Can Trump be impeached?
Who will rid me of this turbulent priest?” Henry II’s exclamation was understood by his courtiers to be a command, and Thomas Becket was murdered. A similarly veiled command by a head of state lies at the heart of the incipient moves for the impeachment of President Donald Trump. When he summoned the then FBI director, James Comey, to the Oval Office on February 14, Trump told him, “I hope you can let Flynn go.” He was alluding to national security adviser Michael Flynn whom he had sacked. In his testimony to the US Senate intelligence committee on June 8, Comey said, “I took it as a direction.” Trump took care to ask all others, including Attorney General Jeff Sessions, and his son-in-law Jared Kushner, to leave the room before broaching the subject with Comey. At a news conference on May 18, Trump was asked, “Did you, at any time, urge (Comey) to close the investigation into Michael Flynn?” The answer was revealing in its abruptness. “No, no. Next question.” All this supports Comey’s assertion that he was dismissed because he was investigating charges that “the Russians interfered in our elections” against Hillary. That web of “the Russian connection” is for the special counsel, Robert S. Mueller III, to unearth.

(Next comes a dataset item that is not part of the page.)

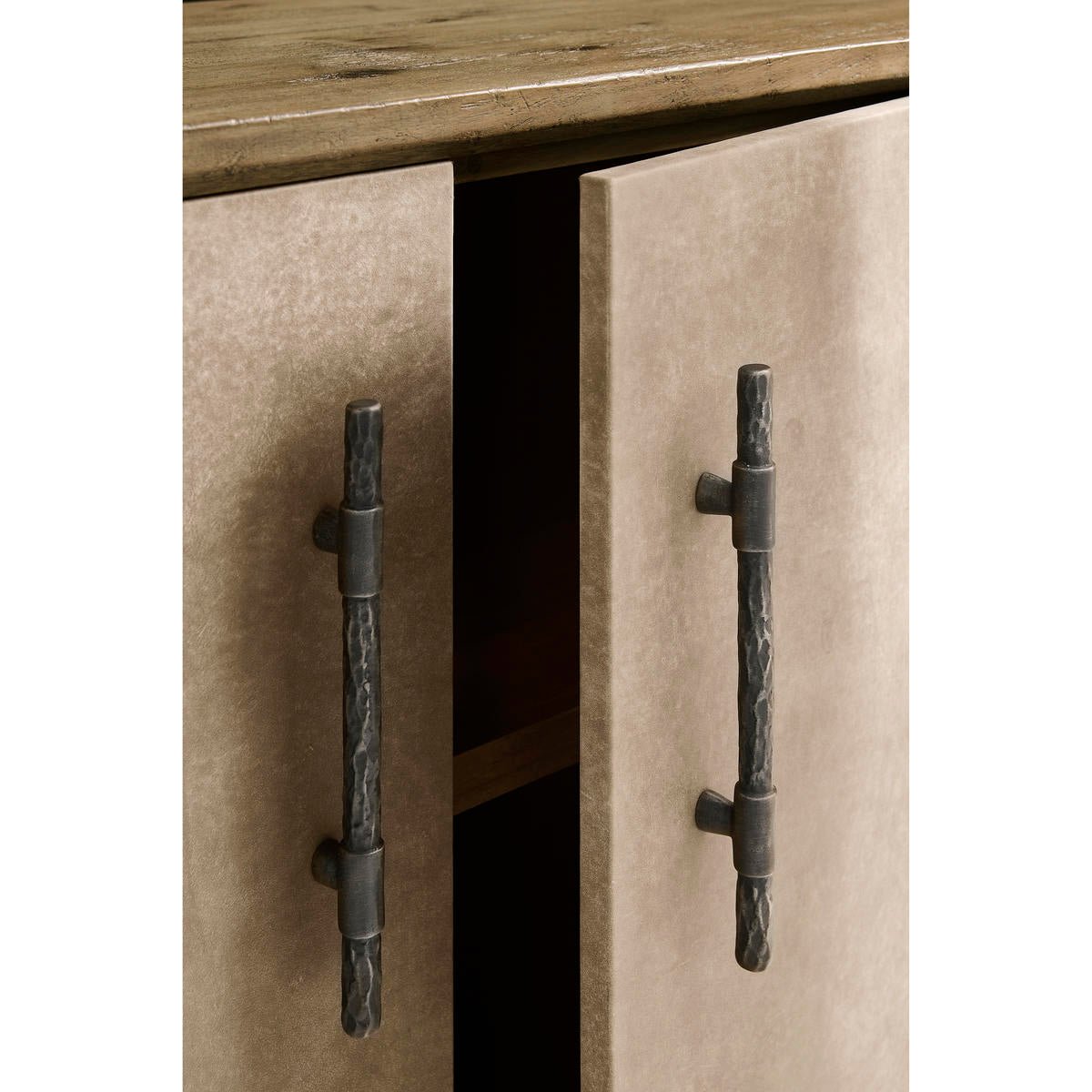 Close-up of open doors on rustic leather credenza.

On June 14, the Washington Post reported that Mueller was investigating the President for obstruction of justice. The articles of impeachment framed against Presidents Richard Nixon and Bill Clinton cited, among the charges, obstruction of justice as well as telling lies. However, both Nixon and Clinton faced a Senate in which each had majority support. Trump’s Republican Party commands a majority in both the House of Representatives, which files the charges, and the Senate, which tries the President. At the Senate intelligence committee’s proceedings on June 8, the split along party lines was very evident. Article 11, Section 4 of the US Constitution provides, “The President, vice-president and all officers of the United States, shall be removed from office on impeachment for, and conviction of, treason, bribery, or other crimes.” It is now firmly established that obstruction of justice constitutes a misdemeanour; especially if it is compounded with lies. The process begins with an investigation by the judiciary committee, which may recommend impeachment to the house. If a majority of the house ratifies the impeachment, the case against the President proceeds to a trial by the Senate, presided over by the Chief Justice of the SC. The Senate has the power to convict and remove the President by a two-thirds vote.

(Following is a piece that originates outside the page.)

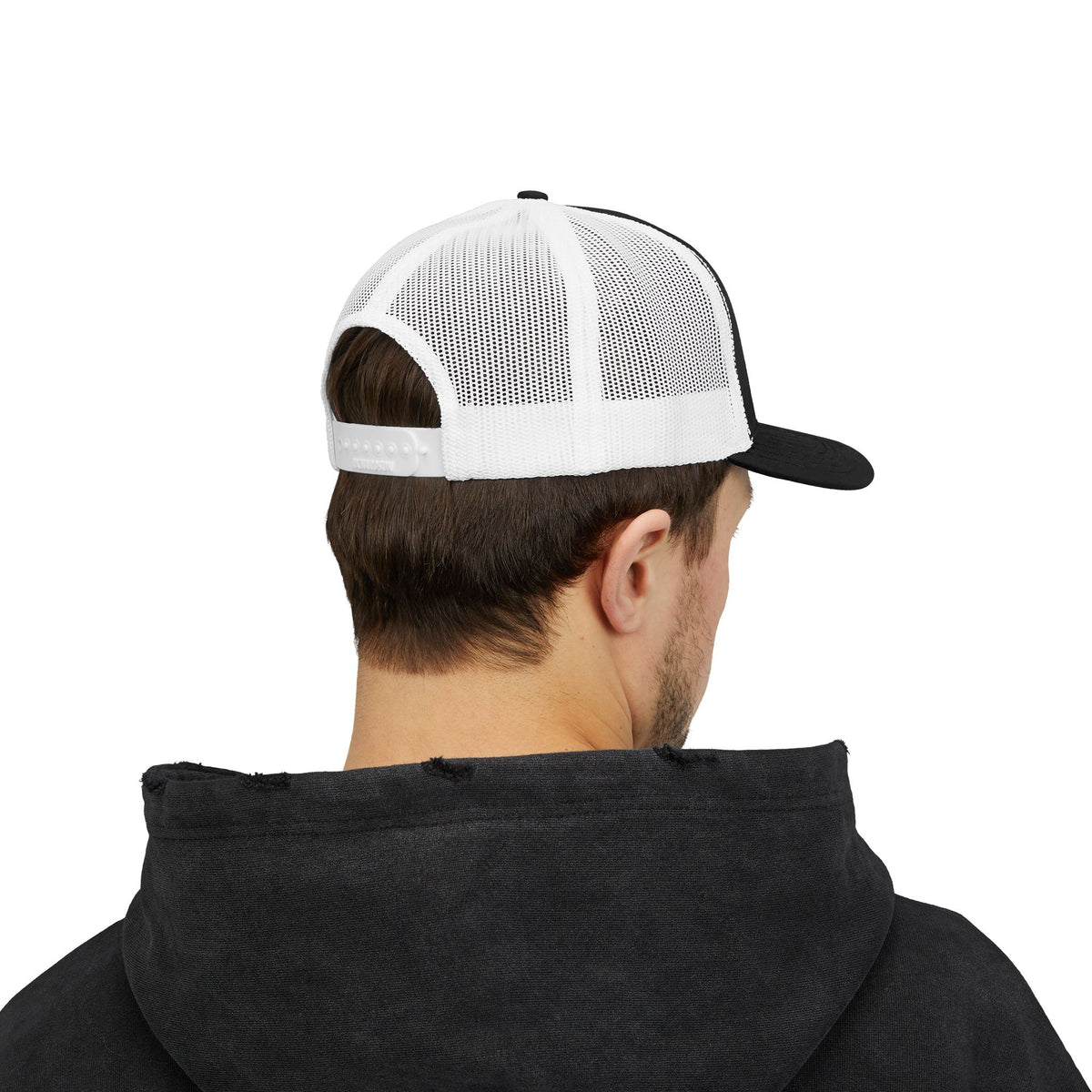 Person wearing the black and white trucker hat, seen from the back with white mesh panels and a snapback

When the house judiciary committee voted on impeachment against Nixon, it asserted that grave “transgressions can crack party loyalty; six of the committee’s 17 Republicans joined all 21 Democrats in backing two of the three articles that the committee endorsed”. Faced with a vote in favour of impeachment, Nixon resigned. For years, impeachment has been a thoroughly discredited process. In 1967, a report of the UK House of Commons select committee on parliamentary privileges recommended that “the right to impeach be abandoned”. When, in 1990, there was a rash of cases of judicial corruption, the then Indian CJ Sabyasachi Mukherji characterised impeachment as “practically impossible”. A judge of the Indian SC, Justice V. Ramaswami, was found guilty of grave charges by a committee. On May 11, 1993, the Lok Sabha rejected a motion for his impeachment by 196 votes for it, none against — but 205 abstentions, which robbed it of the 273 votes needed for its adoption. The abstentions were ordered by Prime Minister P.V. Narsimha Rao. Impeachment is discredited, yet it is not pronounced dead. It only helps to protect corrupt judges.